Verhalen en beschouwingen, zo noemt K. Schippers de artikelen waaruit zijn bundel ”Sprenkelingen” bestaat. Hij biedt geen studies, geen overzichtelijke analyses, geen samenvattingen. Hij kijkt naar schilderijen, foto's, voorwerpen, gebouwen, krijgt associaties, zoekt naar achtergronden, vult de feiten aan met zijn verbeelding. Soms lopen werkelijkheid en fantasie zodanig door elkaar dat de lezer ze niet meer kan onderscheiden. Maar het merkwaardige is dat hij juist daardoor de samenhang achter de dingen –meer dan welke theoreticus ook– waarneembaar weet te maken.

„Er bestaat een essayistiek”, schreef Willem Jan Otten een paar jaar geleden, „die zich niet in de eerste plaats bezighoudt met wat de schrijver kent of waar hij van overtuigd is, – maar met wat hem voortdurend ontglipt. Het is de kunst (en zijn ambitie) om dit ontglippen intact te laten.” Ook in de definitie van Jaap Goedegebuure is dat wat de ware essayist kenmerkt: „Zonder vooraf iets te weten gaat hij op zoek; zijn vondsten bestaan uit wat hij onderweg bedenkt. Preciezer gezegd: de essayist schrijft als iemand die hardop denkt tijdens een wandeling waarvan het einddoel onbekend is en de richting varieert.” Als er één meester is op het terrein van dit soort essayistiek, dan is het K. Schippers – of Gerard Stigter, zoals hij in werkelijkheid heet. Niet voor niets kreeg hij er drie jaar geleden de P. C. Hooftprijs voor.

Inzicht
Zijn nieuwe bundel verhalen en beschouwingen is niet verrassend in die zin dat de verschillende bijdragen heel herkenbare K. Schippers-essays zijn. Wie een klein beetje vertrouwd is met zijn werk, herkent de stijl bijna bij eerste oogopslag. Middeleeuwse goocheltrucs, toevallige beelden die een camera registreert, de droomstad van Edward James, gezichtsvoorspelling – de onderwerpen zijn soms al surrealistisch genoeg. Maar ook als het over gewone waterdruppels gaat, of alledaagse voorwerpen, of bekende schilderijen weet K. Schippers zo te schrijven dat niets meer vanzelf spreekt.

Soms vind ik dat erg mooi, soms word ik er moe van. Het is niet verstandig om een bundel als ”Sprenkelingen” in één adem uit te lezen. Maar bij de juiste dosering is het fascinerend om te ervaren hoe Schippers voelbaar maakt wat niet te omschrijven is. Hij tuurt met een vergrootglas –soms is een verrekijker nog beter– naar iedere vierkante millimeter van zijn onderwerp, net zolang tot het oppervlak groot genoeg is om er te kunnen verdwalen.

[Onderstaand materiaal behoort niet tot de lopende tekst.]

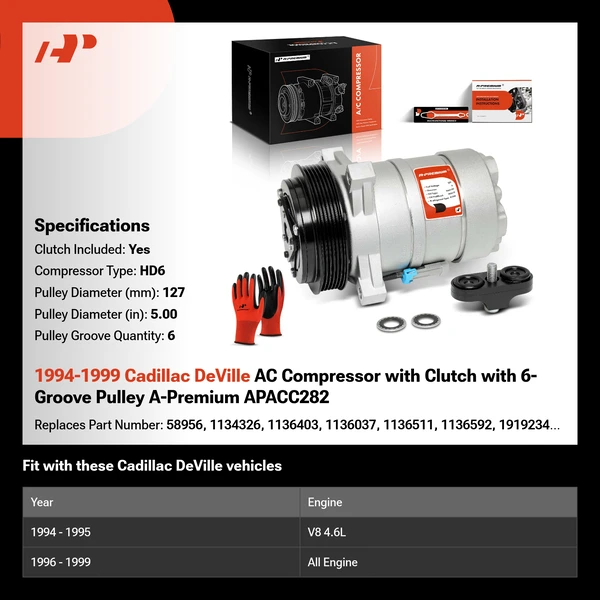 1994-1999 Cadillac DeVille AC Compressor with Clutch with 6-Groove Pulley A-Premium APACC282
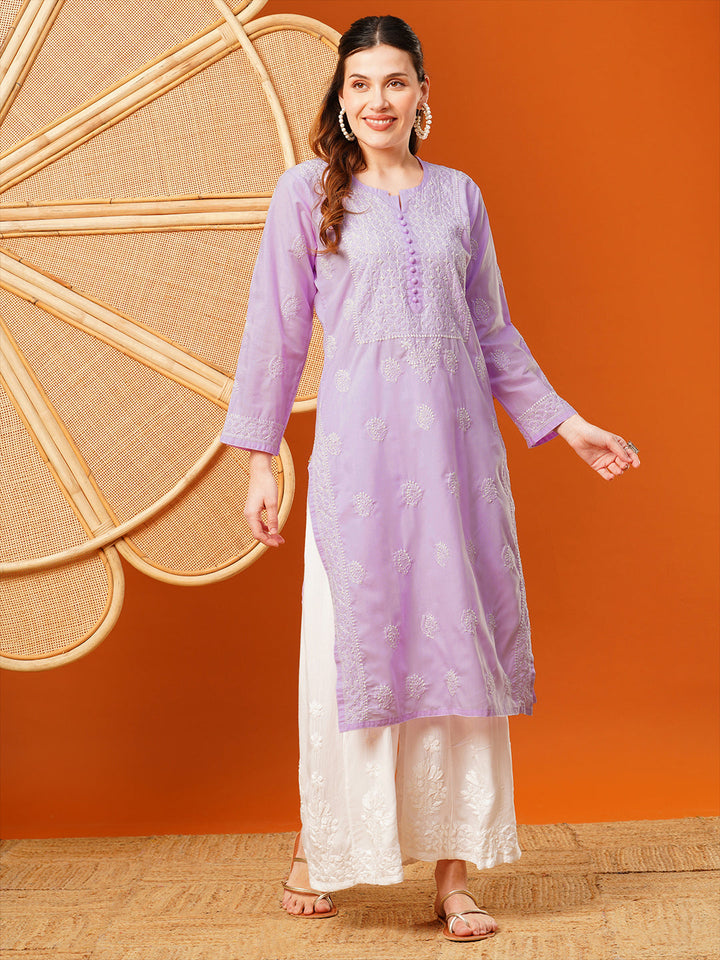 Lavender-Cotton-Embroidered-Chikankari-Kurta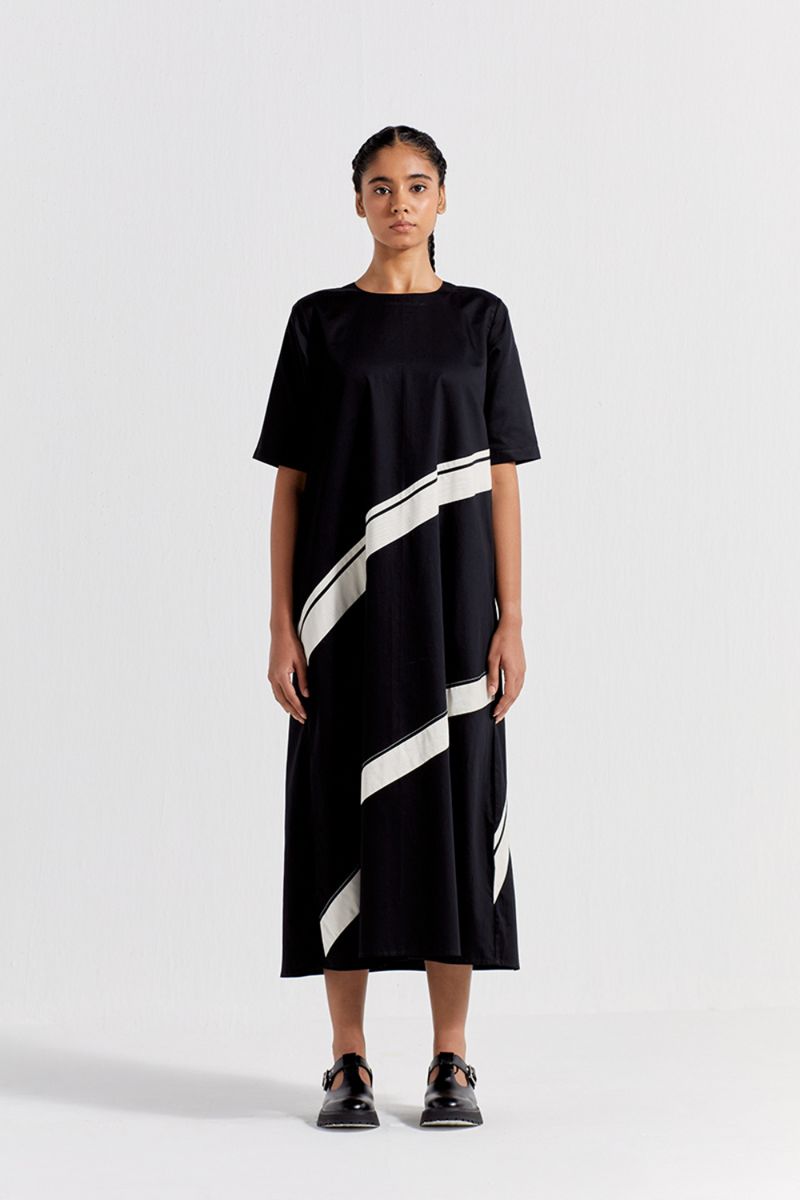 APPLIQUE STRIPE DRESS - BLACK poplin by THREE in black color for women in Singapore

Schippers is altijd op zoek naar het ongrijpbare wezen van de dingen. Hij wil ze niet waarderen, hij wil slechts inzicht bieden. Erotische schilderijen zijn voor hem niet minder indrukwekkend dan victoriaanse, abstracte kunst is even uitdagend als figuratieve – de illustraties in ”Sprenkelingen” spreken wat dat betreft niets verbloemende taal.

Mondriaan
Ook al is niet elk thema in deze bundel even interessant, al laat niet elke tekst even veel indruk na, toch bevat het boek een aantal essays die blijvend inzicht verschaffen. In ”Het voorval” bijvoorbeeld weet Schippers het bestaan van Piet Mondriaan opnieuw tot leven te brengen. Die tekst bevat passages als de volgende: „”Broadway Boogie Woogie”, wat wordt dat geel mooi. Het moet overal komen, onderbroken door rood en blauw, linten van geel, overal op het doek. Z'n werk is zo simpel, het gebeurt overal. Zoals hij bij Peggy met Marcel zat te praten en ook nog op Breton achter hem en op wie er verder binnenkwam lette. Beweeglijkheid zonder voorkeur, en daarom zal ”Broadway Boogie Woogie” heel veel schijnmiddelpunten krijgen. Wie het doek ziet, zal denken „rechts beneden, links boven, daar gebeurt het” en meteen moet hij die keuze weer opgeven, zoveel kleur, als in het leven van alledag.”

Dit stuk, geschreven vanuit het perspectief van de kunstenaar zelf, met grote detailkennis van z'n dagelijks leven, z'n vrienden, z'n bezigheden in New York, biedt meer dan een knappe beschrijving. Achter de woorden schemeren de contouren van Mondriaans wereldbeeld. Schippers geeft niet in eerste instantie uitleg of interpretatie, maar hij wekt het grote idee dat achter een schilderij schuilgaat. Wat heeft deze kunstenaar bezield? Dat is nooit volledig te beschrijven, te analyseren. Maar Schippers weet met zijn vermoedens de intuïtie van zijn lezers aan te raken – en dat kan alleen een groot schrijver.